WTO trading conditions could have ‘severe repercussions’ for Northern Ireland meat industry
Northern Irish beef and sheep meat output could decline by 21%, with exports to the EU collapsing by over 90%, if the UK fails to agree on a post-Brexit deal with the EU and has to revert to World Trade Organization (WTO) conditions, a report commissioned by the Livestock and Meat Commission for Northern Ireland (LMC) has warned.
The report, produced by farm business consultancy The Andersons Centre with support from Oxford Economics, assessed the impact on the Northern Irish beef and sheep meat industry of moving from EU to WTO under two scenarios; “WTO Equivalence”, where the UK and EU impose reciprocal tariffs on each other’s imports based on the current EU Common External Tariff, and a unilateral “Open-Door” trade policy, whereby the UK reduces its tariffs on imports from major agricultural producers but without any reciprocal agreements in place.
It found that a unilateral Open-Door trade policy could mean that Northern Irish beef and sheep meat output would decline by 21%, as exports to the EU would collapse by over 90%.
In addition, according to the report, even under WTO Equivalence, whilst output could rise “marginally in the short-run, gains would be eroded by declining consumption in the longer-term due to higher prices, and exports to the EU would still fall by over 90%”.
The report added that tariffs for meat sales are substantial, ranging from 40% to around 100%, while Non-Tariff Barriers (NTBs) are estimated to amount to a 3% tariff equivalent under WTO Equivalence and 5.7% under an Open-Door trade policy.
These estimates are based on a thorough examination of NTBs and their impact on the red meat sector.
The report concludes that if an Open-Door trade policy was adopted, the viability of beef and sheep farming across large swathes of Northern Ireland would be seriously threatened, with grave consequences for the wider Northern Irish rural economy.
The report made six recommendations for policy-makers, including an interim single market and customs union membership for “at least five years post-Brexit to negotiate the finer details of the eventual deal and develop the required infrastructure, with a mid-way review to examine whether enough progress has been made (e.g. technology to facilitate frictionless cross-border trade) to affect timeframes”.
It also called for an Agri-food Workers’ Scheme to permit continued access to labour for Northern Ireland processors, coupled with incentives for locally-based staff.
In addition, it suggested the formulation of a long-term strategy for food and farming, along with efforts “efforts to get Northern Irish products approved for sale in non-EU countries, including gaining mutual recognition of veterinary standards”.
It also recommended the adoption of EU Official Controls of animals and meat products at slaughter houses, meat plants and collection centres for live cattle within the UK and Republic of Ireland to permit frictionless cross-border trade, while ensuring that food imports meet the same standards as domestic produce.
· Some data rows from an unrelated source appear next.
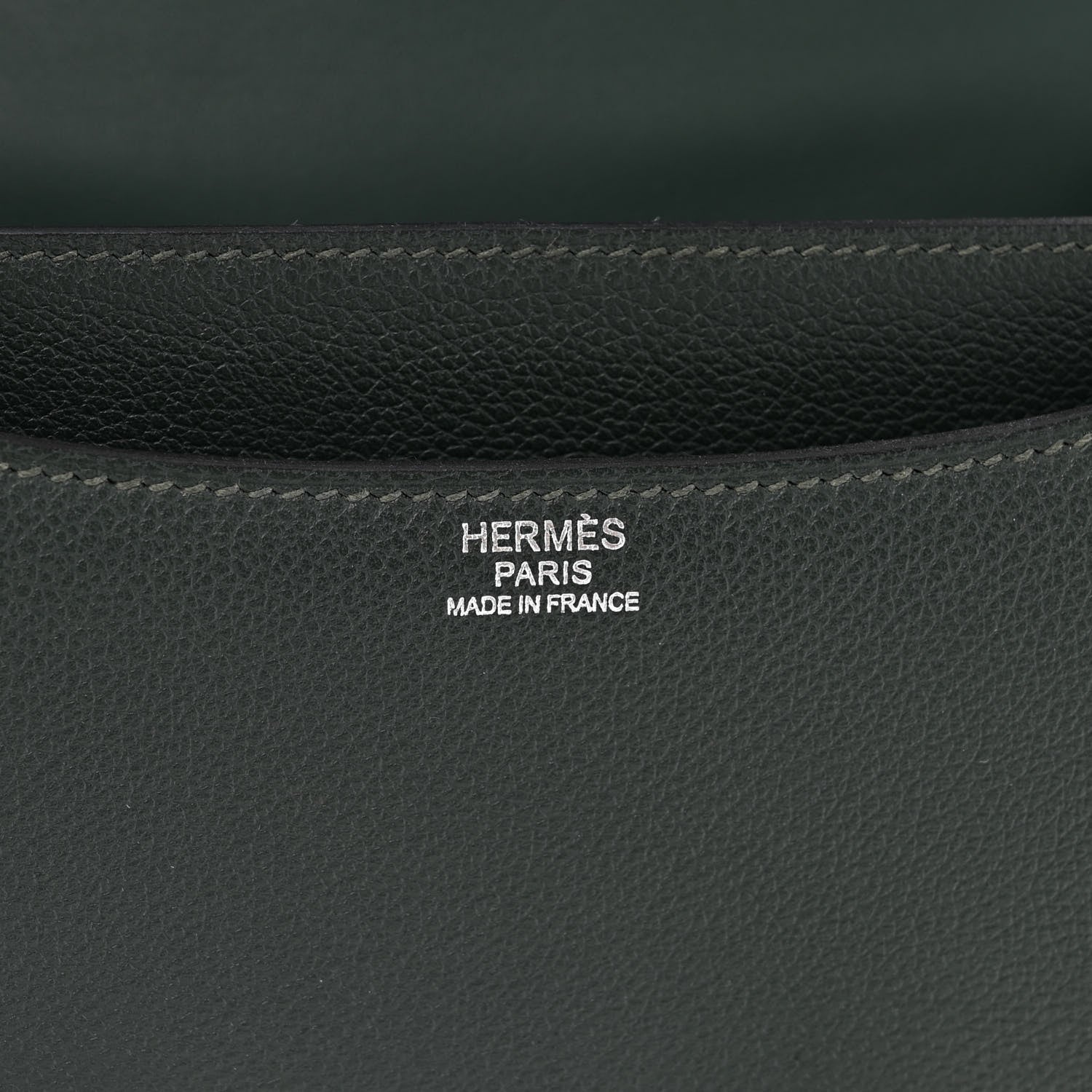Hermes Evercolor Constance 24 Vert Anglais 6 of 11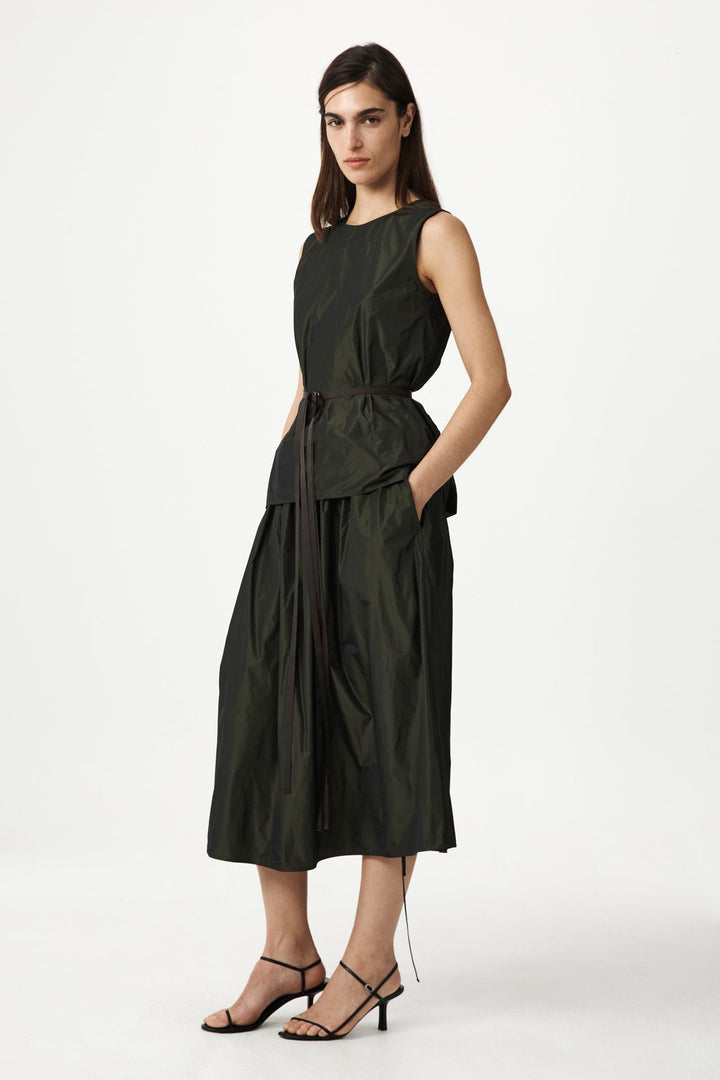 Spire Taffeta Top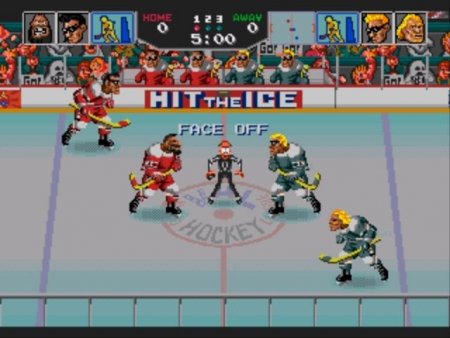 Hockey Hit Ice (16 bit) 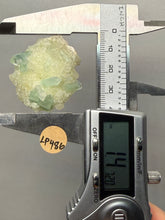 Load image into Gallery viewer, Luminous Mint Apophyllite with Glittering Druzy Sugar Quartz – India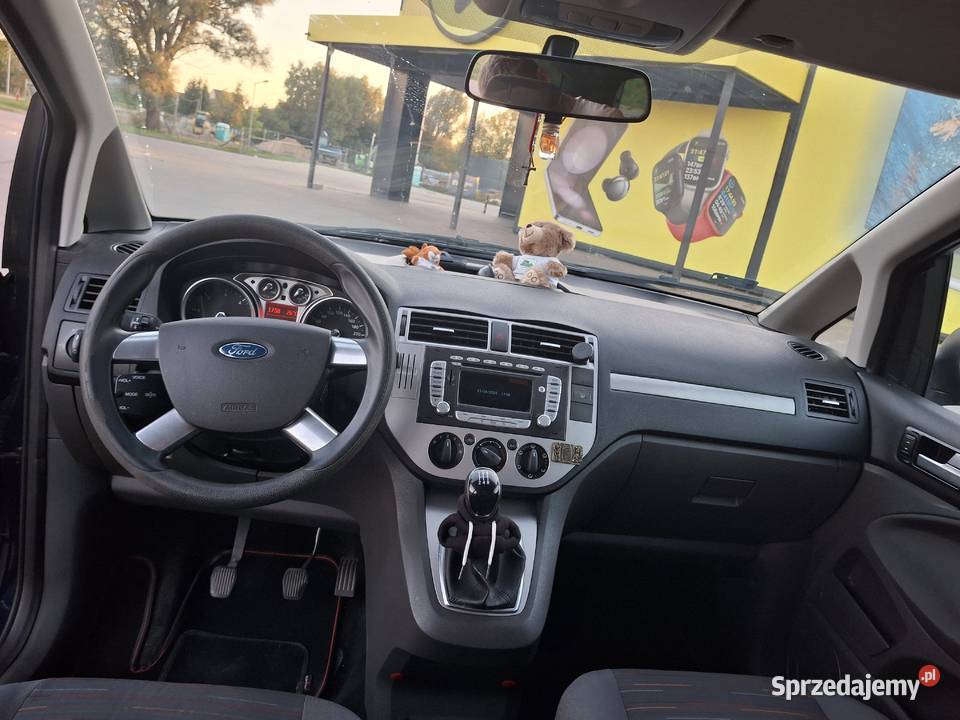 Ford C 2009r elektryczne szyby Tomaszów Lubelski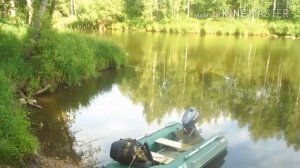 Лодка ПВХ, транцевые плиты. Выход на глиссер стал возможным!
If WTO trading did come to pass, the report suggested several further recommendations, including as a last resort considering a “Cyprus-type model” for cross border trade if no other agreement is possible.
However, it also noted that whilst a Cyprus-type model could help to facilitate trade reasonably close to existing levels, potential obstacles remain.
Commenting on the report LMC chief executive, Ian Stevenson, said: “The report clearly shows that WTO trading conditions would be complex, costly and disruptive and that the most viable solution for safeguarding the future of the industry is not only a UK-EU post-Brexit comprehensive free trade agreement, but until then to have a 5-year transition period with a mid-way review, to avoid an interim deal simply being a stay of execution for the industry.”
Michael Haverty, lead author of the study, said: “Whilst a Cyprus-type model highlights the need for contingency planning, the ideal outcome remains avoiding WTO trading conditions by agreeing interim Single Market and Customs Union membership for 5 years post-Brexit, incorporating a mid-way review, to negotiate and implement a more considered long-term agreement.”